It's winter in the Northern Hemisphere so perfect time for speedo football on the beach. Make that thong-back speedo football on the beach. Yeah, I didn't capitalize speedo even though it's a brand name, because it's generic enough like jello or bandaid. Speedo can sue me. I hope they wear speedos in court to do it and that the person who serves me with my papers is wearing a speedo.

The only time I will uppercase speedo (except in some past post here where I probably did) is if the guy has a boner in the speedos. Because then the penis is the exclamation point.

Did I mention the music here is horrible?
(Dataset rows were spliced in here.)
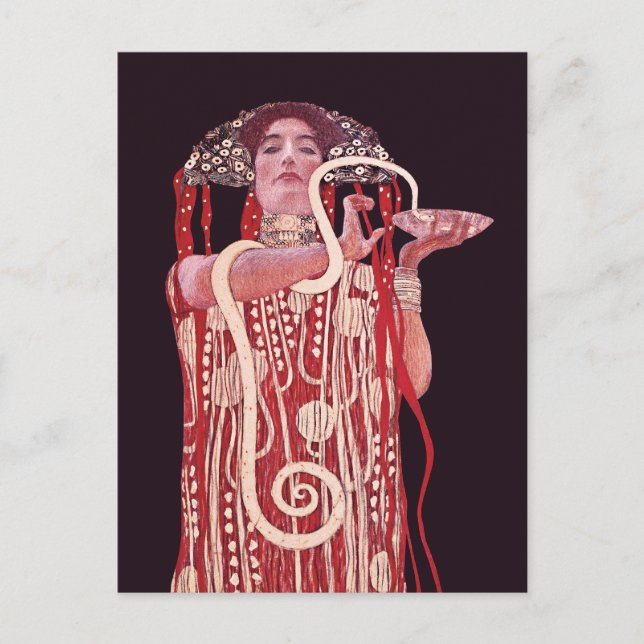 Hygieia von Gustav Klimt Postkarte (Vorderseite)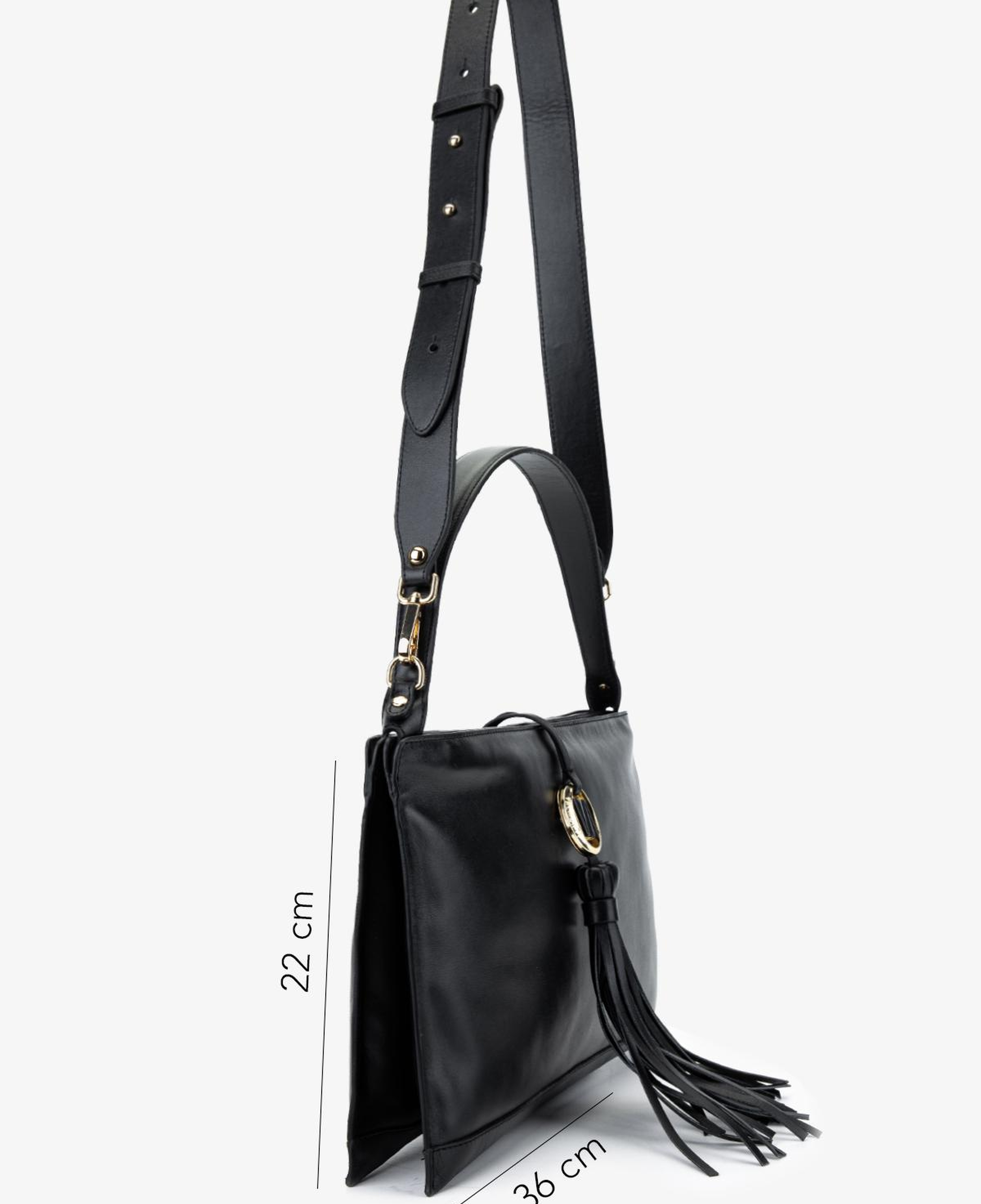 Valmenti Kadın Hakiki Deri Siyah Omuz Çanta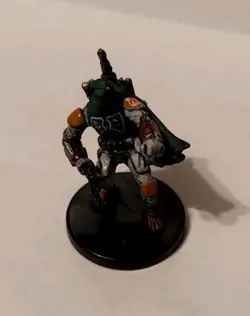 Boba Fett Mercenary Commander Star Wars Miniatures Legacy Of The Force 53 W/Card - Image 3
But you knew that. I wonder what would be better accompaniment. Maybe something by Mozart or Brahams or Kanye? All geniuses. Though none as genius as Adam Levine of Maroon 5 and solo (masturbation) career. I mean to be so annoying and egotistical and superficial and still be famous. How does something like that happen?
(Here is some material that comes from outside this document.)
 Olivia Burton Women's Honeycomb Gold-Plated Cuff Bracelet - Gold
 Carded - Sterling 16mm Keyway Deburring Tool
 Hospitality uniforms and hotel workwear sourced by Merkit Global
Does fame mean anything anymore?

To me it means play football on the beach in a thong-back speedo and you're famoue (on YouTube) forever. Add a horrible soundtrack and you're infamous.
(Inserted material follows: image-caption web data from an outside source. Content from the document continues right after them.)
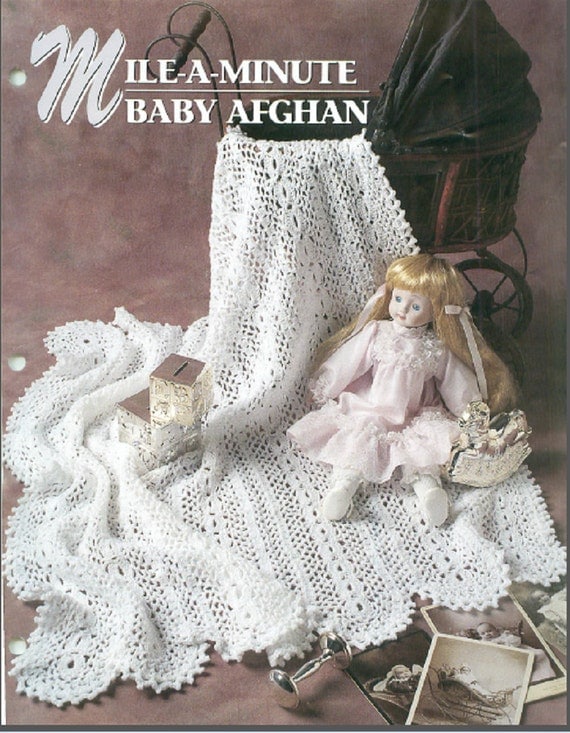 Mile A Minute BABY AFGHAN Annie's Crochet Pattern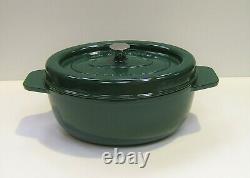 New Godin French Oval Green Cast Iron Casserole Induction Stockpot 36cm 6 Ltr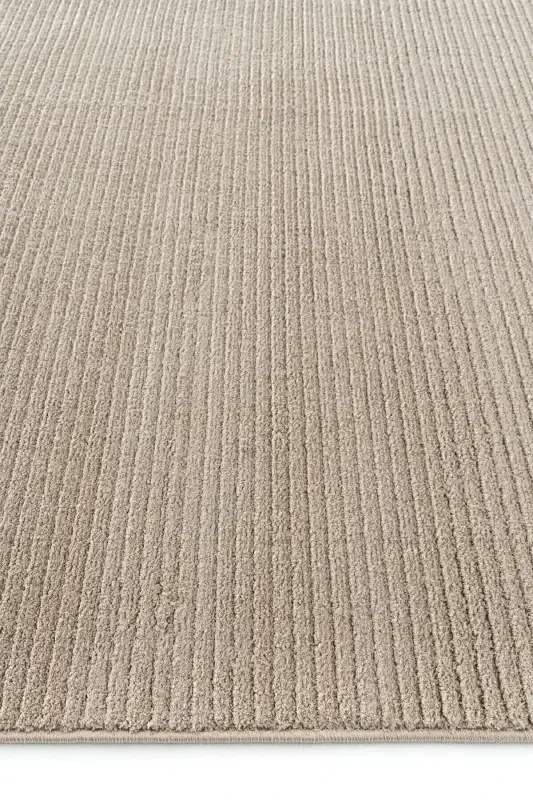 Vetrina 3602 Vizon Yumuşak Dokulu Halı Kilim Salon Mutfak Koridor Kesme Yolluk Dokuma Makine Halısı-Vizon - 3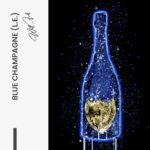 Blue Champagne (Limited Edition) – Glass – Bild 5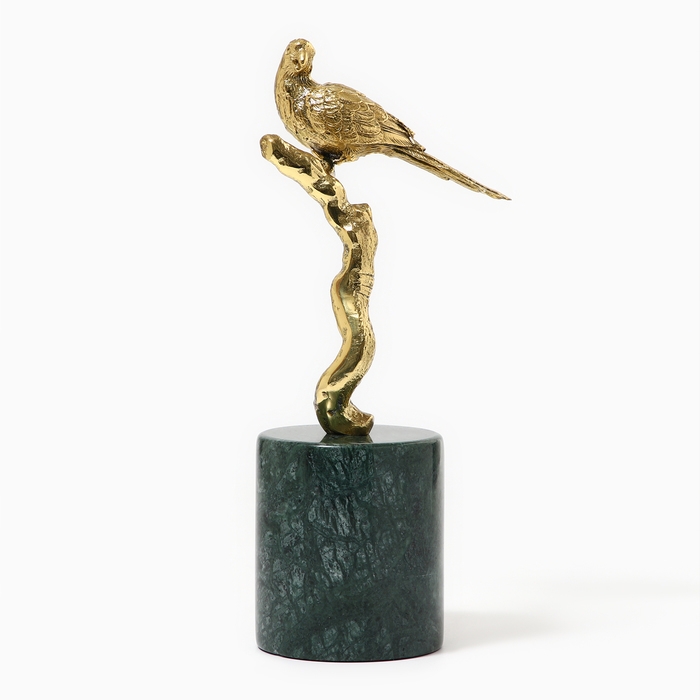 Статуэтка &laquo;Птица&raquo; мрамор латунь 22 х 9 х 30 см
You Southern Hemisphere folks (except South Pole) I guess have it much warmer now. So maybe someone should make a thong-back snowsuit video. You'd dig the combination of freedom, constriction, sweat, coverage and exposure. Confusingly hot it would be.

I normally don't acknowledge the other hemisphere, but as we're all hurtling through space together, I figure I ought to give you all some play. How very bi-hemispherosexual of me.